L’email marketing secondo Alessandro Binello

da | 3 Nov, 2014 | Miscellaneous

Per quale motivo un’azienda dovrebbe investire in una campagna DEM? Quali sono i benefici?

Intanto facciamo una distinzione tra campagne DEM e Campagne newsletter. Le prime sono campagne pianificate su database di terze parti, le seconde su database proprietari. La differenza è sostanziale perchè nel primo caso stiamo facendo attività di acquisizione, mentre nel secondo di fidelizzazione.
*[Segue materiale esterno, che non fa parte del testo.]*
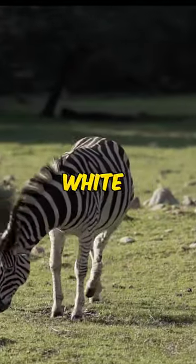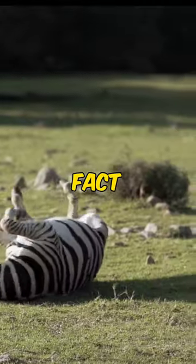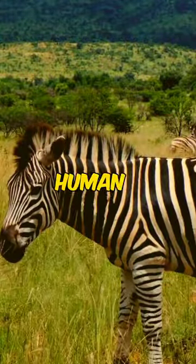Zebras may look black and white, but there's more to these striped wonders than meets the eye. Fact 1: each zebra has a unique stripe pattern, just like human fingerprints.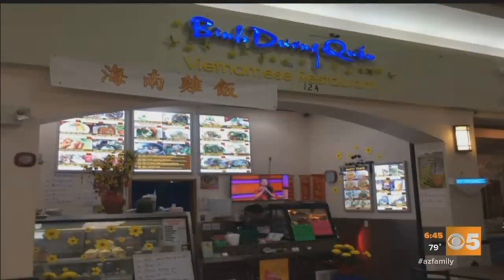Roaches crawling around the restaurant, toxic chemicals stored in a food prep area — the last thing you want when you go out to eat this weekend is to get sick to your stomach because your favorite restaurant doesn't keep a clean kitchen. Here's this week's all-new dirty dining report: Bin Dong Kwan on Dobson Road off Main Street in Mesa.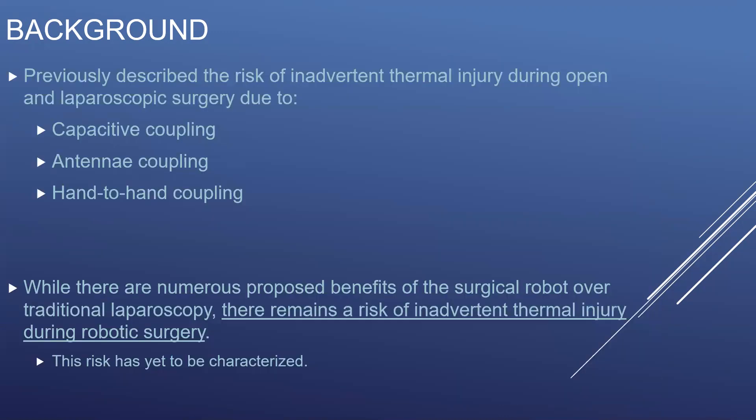While the benefits of the robot over laparoscopy are increasingly being recognized, we've previously described the risk of inadvertent thermal injury during open and laparoscopic surgery due to capacitive coupling, antenna coupling, and hand-to-hand coupling. And while there are numerous proposed benefits of a surgical robot over traditional laparoscopy, there remains a risk of inadvertent thermal injury during robotic surgery. This risk has yet to be characterized.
Detto questo, direi che il vantaggio, soprattutto nel caso delle campagne newsletter (informative o commerciali che siano), è il ritorno sull’investimento. Le performance in termini di ROI di una campagne email è superiore a qualsiasi altro strumento di promozione online.
Inoltre, l’email è uno strumento che consente di creare un rapporto one-to-one con i propri contatti creando comunicazioni su misura estremamente efficaci. Oggi, non investendo in questo strumento si perdono tantissime opportunità.

In che modo si differenzia l’email marketing in Italia rispetto agli altri paesi presenti nel resto del mondo? E quali sono le previsioni per il 2015?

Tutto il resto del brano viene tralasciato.